• What the exercise asks: Reproduce the lines below exactly, from the one containing "Imaging in Neurology, 1e 1 Har/Psc Edition" through the one containing "Immunohistochemistry of paraffin-embedded", both included. Leave out any pictures.

• Records to process:
*-*-*

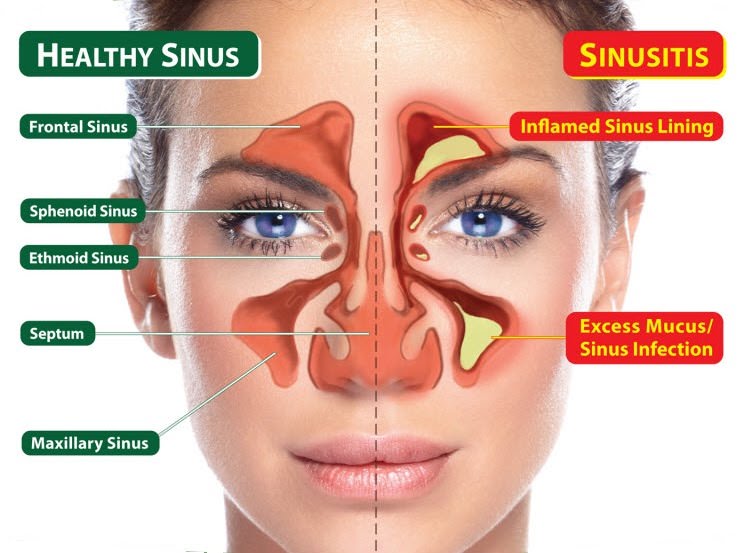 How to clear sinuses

*-*-*

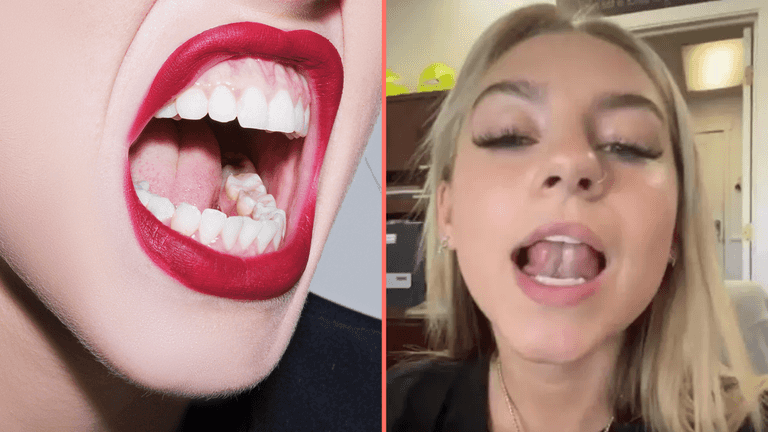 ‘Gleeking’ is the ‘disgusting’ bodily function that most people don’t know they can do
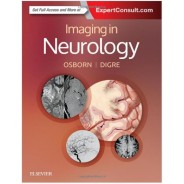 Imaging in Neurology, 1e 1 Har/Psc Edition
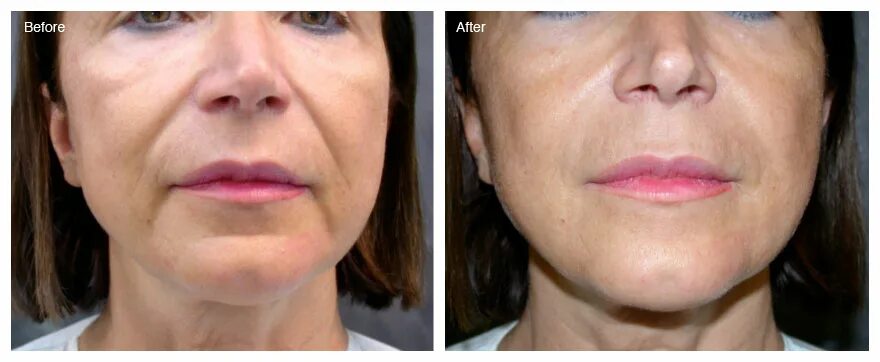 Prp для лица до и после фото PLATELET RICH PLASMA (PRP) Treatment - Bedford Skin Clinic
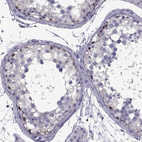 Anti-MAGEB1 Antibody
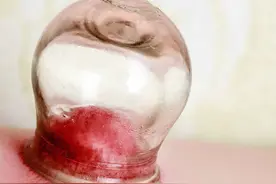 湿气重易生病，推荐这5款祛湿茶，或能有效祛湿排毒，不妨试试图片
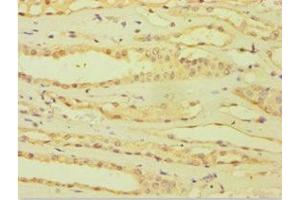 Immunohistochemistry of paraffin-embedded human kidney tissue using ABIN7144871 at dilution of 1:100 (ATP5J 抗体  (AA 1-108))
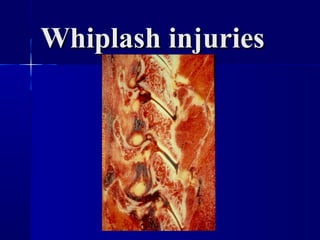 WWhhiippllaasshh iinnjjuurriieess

*-*-*

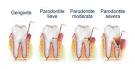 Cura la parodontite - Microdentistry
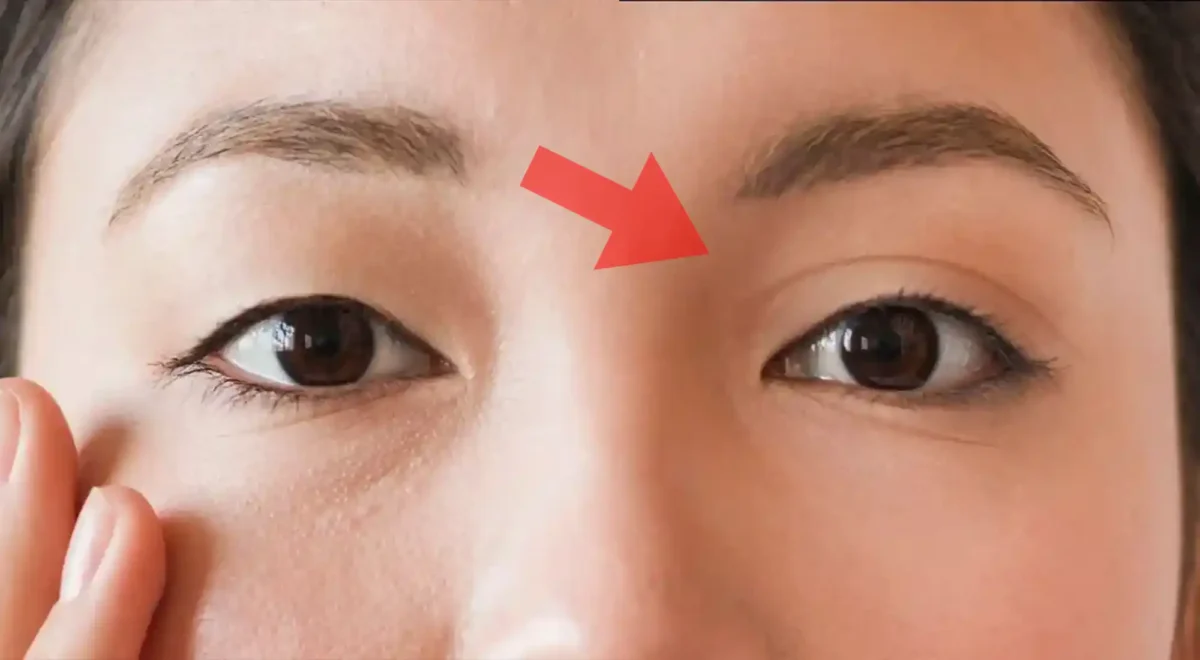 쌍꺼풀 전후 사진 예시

*-*-*

• Solution to the exercise:
 Imaging in Neurology, 1e 1 Har/Psc Edition
 Prp для лица до и после фото PLATELET RICH PLASMA (PRP) Treatment - Bedford Skin Clinic
 Anti-MAGEB1 Antibody
 湿气重易生病，推荐这5款祛湿茶，或能有效祛湿排毒，不妨试试图片
 Immunohistochemistry of paraffin-embedded human kidney tissue using ABIN7144871 at dilution of 1:100 (ATP5J 抗体  (AA 1-108))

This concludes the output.